= Beginning of Section =

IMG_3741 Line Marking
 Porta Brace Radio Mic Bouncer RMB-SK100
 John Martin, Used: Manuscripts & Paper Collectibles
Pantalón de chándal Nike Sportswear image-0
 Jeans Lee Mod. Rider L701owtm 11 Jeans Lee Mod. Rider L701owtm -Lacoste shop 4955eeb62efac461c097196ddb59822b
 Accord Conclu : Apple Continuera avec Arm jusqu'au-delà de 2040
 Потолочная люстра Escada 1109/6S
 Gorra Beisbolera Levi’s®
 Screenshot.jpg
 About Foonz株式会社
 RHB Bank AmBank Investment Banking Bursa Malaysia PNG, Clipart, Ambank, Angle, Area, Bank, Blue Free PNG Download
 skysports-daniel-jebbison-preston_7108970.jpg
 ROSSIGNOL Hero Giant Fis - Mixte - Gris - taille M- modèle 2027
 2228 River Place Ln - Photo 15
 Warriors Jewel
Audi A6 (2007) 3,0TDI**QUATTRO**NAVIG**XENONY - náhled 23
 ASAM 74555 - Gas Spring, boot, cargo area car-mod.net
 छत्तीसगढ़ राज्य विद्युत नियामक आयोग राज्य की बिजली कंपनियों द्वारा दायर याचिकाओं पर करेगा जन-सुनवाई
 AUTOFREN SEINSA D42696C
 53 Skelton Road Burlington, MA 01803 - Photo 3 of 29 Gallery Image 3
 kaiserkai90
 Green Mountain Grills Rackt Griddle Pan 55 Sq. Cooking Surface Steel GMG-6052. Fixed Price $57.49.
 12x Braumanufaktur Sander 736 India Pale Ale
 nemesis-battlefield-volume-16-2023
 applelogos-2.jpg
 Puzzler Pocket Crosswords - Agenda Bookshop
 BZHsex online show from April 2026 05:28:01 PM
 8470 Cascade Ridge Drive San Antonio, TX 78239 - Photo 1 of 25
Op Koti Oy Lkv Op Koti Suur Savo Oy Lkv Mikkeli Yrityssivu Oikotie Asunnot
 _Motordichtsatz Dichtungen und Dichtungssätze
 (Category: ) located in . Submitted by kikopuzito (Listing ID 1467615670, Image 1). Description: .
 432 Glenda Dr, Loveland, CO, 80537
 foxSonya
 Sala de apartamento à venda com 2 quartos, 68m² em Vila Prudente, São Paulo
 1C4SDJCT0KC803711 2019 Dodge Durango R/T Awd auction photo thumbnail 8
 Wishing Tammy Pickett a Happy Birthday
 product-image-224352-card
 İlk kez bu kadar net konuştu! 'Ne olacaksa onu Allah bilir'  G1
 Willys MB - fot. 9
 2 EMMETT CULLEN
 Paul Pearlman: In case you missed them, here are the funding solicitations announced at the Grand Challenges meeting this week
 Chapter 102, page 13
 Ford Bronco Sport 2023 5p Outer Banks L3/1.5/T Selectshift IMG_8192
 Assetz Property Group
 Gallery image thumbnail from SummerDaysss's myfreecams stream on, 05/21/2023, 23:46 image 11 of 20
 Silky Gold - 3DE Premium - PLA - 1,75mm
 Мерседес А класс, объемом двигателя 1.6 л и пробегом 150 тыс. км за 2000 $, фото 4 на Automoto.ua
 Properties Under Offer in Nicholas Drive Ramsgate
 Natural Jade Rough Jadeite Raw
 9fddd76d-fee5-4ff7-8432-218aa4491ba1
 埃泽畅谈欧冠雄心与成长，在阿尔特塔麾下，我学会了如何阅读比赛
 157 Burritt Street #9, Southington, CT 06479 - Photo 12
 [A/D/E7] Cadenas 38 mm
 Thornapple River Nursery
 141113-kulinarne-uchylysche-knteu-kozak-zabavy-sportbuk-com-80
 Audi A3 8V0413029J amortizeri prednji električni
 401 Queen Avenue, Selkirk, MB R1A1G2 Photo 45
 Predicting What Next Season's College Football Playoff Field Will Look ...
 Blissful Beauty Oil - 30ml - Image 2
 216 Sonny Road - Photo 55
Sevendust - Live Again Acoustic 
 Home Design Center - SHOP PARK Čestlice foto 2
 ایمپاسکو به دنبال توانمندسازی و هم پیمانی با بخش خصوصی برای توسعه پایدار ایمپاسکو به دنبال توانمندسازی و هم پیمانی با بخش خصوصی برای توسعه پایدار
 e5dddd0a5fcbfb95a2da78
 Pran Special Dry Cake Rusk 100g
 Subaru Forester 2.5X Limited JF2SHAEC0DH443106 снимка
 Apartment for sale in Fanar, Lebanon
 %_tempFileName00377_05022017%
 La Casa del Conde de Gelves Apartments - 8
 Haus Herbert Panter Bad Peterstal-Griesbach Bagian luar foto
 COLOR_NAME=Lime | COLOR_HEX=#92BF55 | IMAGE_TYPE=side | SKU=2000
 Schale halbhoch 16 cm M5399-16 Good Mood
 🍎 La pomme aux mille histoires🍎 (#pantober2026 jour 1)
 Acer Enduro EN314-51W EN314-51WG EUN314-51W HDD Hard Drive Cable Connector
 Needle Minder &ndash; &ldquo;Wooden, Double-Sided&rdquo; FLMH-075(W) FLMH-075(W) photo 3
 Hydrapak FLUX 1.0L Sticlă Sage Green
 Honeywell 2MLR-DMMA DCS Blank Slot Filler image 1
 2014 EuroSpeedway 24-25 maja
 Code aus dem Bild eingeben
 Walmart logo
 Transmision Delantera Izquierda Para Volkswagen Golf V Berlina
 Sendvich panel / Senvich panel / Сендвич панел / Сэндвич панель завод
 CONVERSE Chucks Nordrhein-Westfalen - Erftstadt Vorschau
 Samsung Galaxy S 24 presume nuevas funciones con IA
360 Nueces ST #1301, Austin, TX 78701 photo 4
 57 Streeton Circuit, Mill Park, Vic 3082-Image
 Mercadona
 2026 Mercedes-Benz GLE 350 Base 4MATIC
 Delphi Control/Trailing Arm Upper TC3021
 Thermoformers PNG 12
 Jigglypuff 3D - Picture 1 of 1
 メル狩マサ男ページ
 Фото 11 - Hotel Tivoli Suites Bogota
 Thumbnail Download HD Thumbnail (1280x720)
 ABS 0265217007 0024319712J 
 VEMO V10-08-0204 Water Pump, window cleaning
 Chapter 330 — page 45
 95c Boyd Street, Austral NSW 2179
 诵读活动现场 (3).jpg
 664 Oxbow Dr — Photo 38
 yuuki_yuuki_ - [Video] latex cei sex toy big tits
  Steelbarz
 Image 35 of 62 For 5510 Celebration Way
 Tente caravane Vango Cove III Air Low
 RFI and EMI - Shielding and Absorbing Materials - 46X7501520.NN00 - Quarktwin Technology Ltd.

= End of Section =

ABOUT THIS TASK >> Give again, word for word, every line of the listing above from the one with "nemesis-battlefield-volume-16-2023" to the one with "[A/D/E7] Cadenas 38 mm", both inclusive, and nothing beyond them.

ANSWER SECTION >>
 nemesis-battlefield-volume-16-2023
 applelogos-2.jpg
 Puzzler Pocket Crosswords - Agenda Bookshop
 BZHsex online show from April 2026 05:28:01 PM
 8470 Cascade Ridge Drive San Antonio, TX 78239 - Photo 1 of 25
Op Koti Oy Lkv Op Koti Suur Savo Oy Lkv Mikkeli Yrityssivu Oikotie Asunnot
 _Motordichtsatz Dichtungen und Dichtungssätze
 (Category: ) located in . Submitted by kikopuzito (Listing ID 1467615670, Image 1). Description: .
 432 Glenda Dr, Loveland, CO, 80537
 foxSonya
 Sala de apartamento à venda com 2 quartos, 68m² em Vila Prudente, São Paulo
 1C4SDJCT0KC803711 2019 Dodge Durango R/T Awd auction photo thumbnail 8
 Wishing Tammy Pickett a Happy Birthday
 product-image-224352-card
 İlk kez bu kadar net konuştu! 'Ne olacaksa onu Allah bilir'  G1
 Willys MB - fot. 9
 2 EMMETT CULLEN
 Paul Pearlman: In case you missed them, here are the funding solicitations announced at the Grand Challenges meeting this week
 Chapter 102, page 13
 Ford Bronco Sport 2023 5p Outer Banks L3/1.5/T Selectshift IMG_8192
 Assetz Property Group
 Gallery image thumbnail from SummerDaysss's myfreecams stream on, 05/21/2023, 23:46 image 11 of 20
 Silky Gold - 3DE Premium - PLA - 1,75mm
 Мерседес А класс, объемом двигателя 1.6 л и пробегом 150 тыс. км за 2000 $, фото 4 на Automoto.ua
 Properties Under Offer in Nicholas Drive Ramsgate
 Natural Jade Rough Jadeite Raw
 9fddd76d-fee5-4ff7-8432-218aa4491ba1
 埃泽畅谈欧冠雄心与成长，在阿尔特塔麾下，我学会了如何阅读比赛
 157 Burritt Street #9, Southington, CT 06479 - Photo 12
 [A/D/E7] Cadenas 38 mm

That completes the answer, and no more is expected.